- _WHAT YOU SHOULD DO_
Each line of the material should be set down exactly. Pictures are not part of the copy.

- _DATA BELOW_
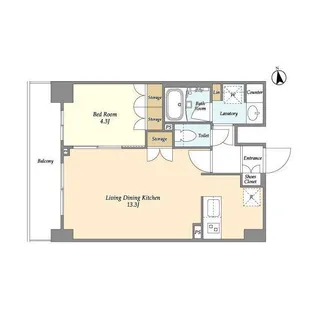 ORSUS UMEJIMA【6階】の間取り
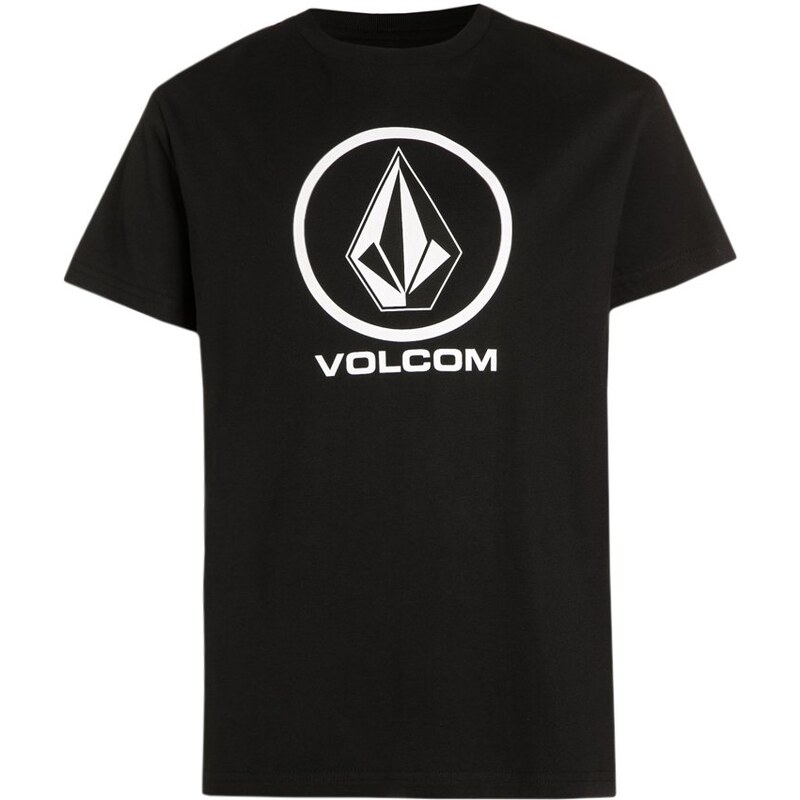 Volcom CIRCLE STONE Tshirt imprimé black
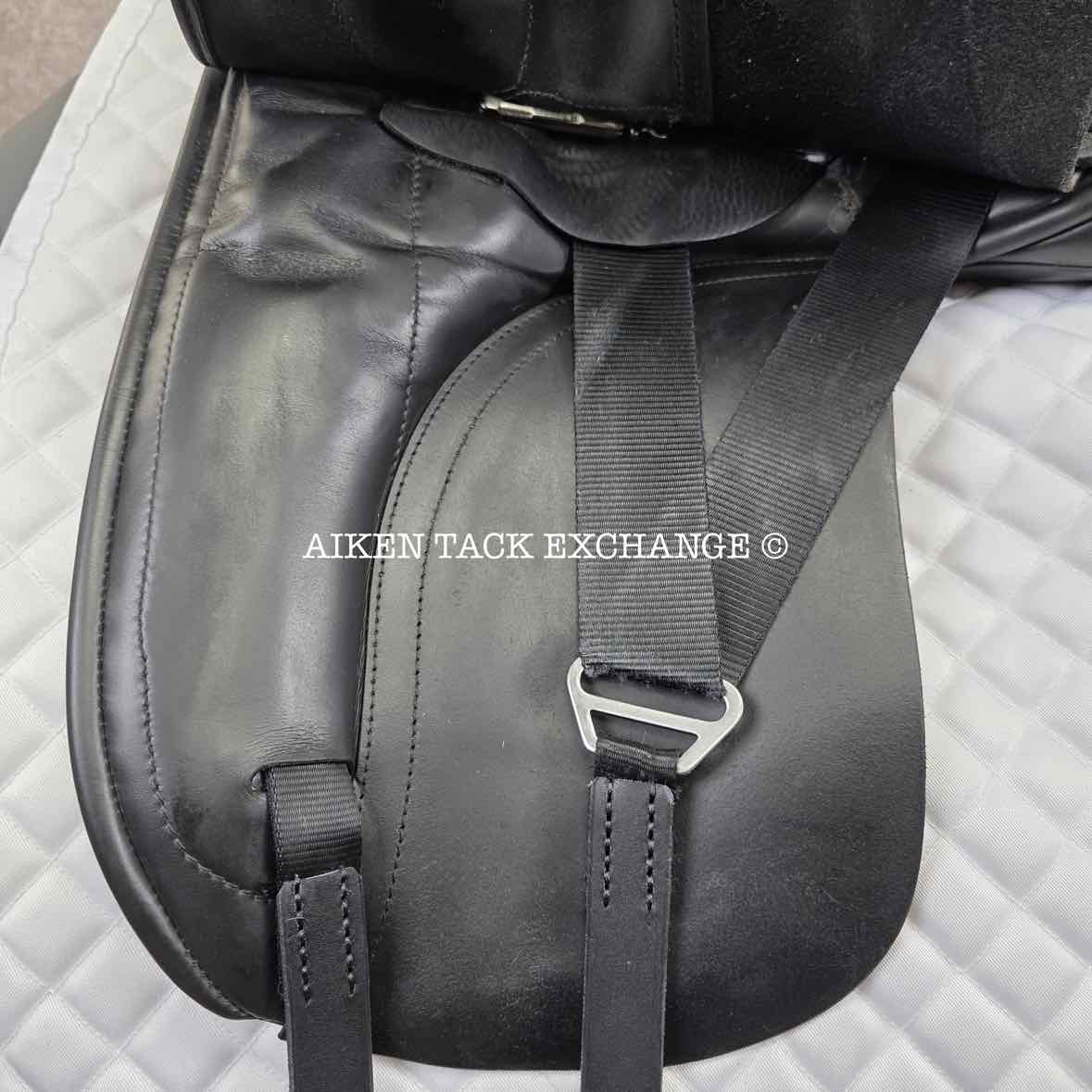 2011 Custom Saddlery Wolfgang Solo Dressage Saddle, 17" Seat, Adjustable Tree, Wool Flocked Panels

- _RESULT OF THE EXERCISE_
 ORSUS UMEJIMA【6階】の間取り
 Volcom CIRCLE STONE Tshirt imprimé black
 2011 Custom Saddlery Wolfgang Solo Dressage Saddle, 17" Seat, Adjustable Tree, Wool Flocked Panels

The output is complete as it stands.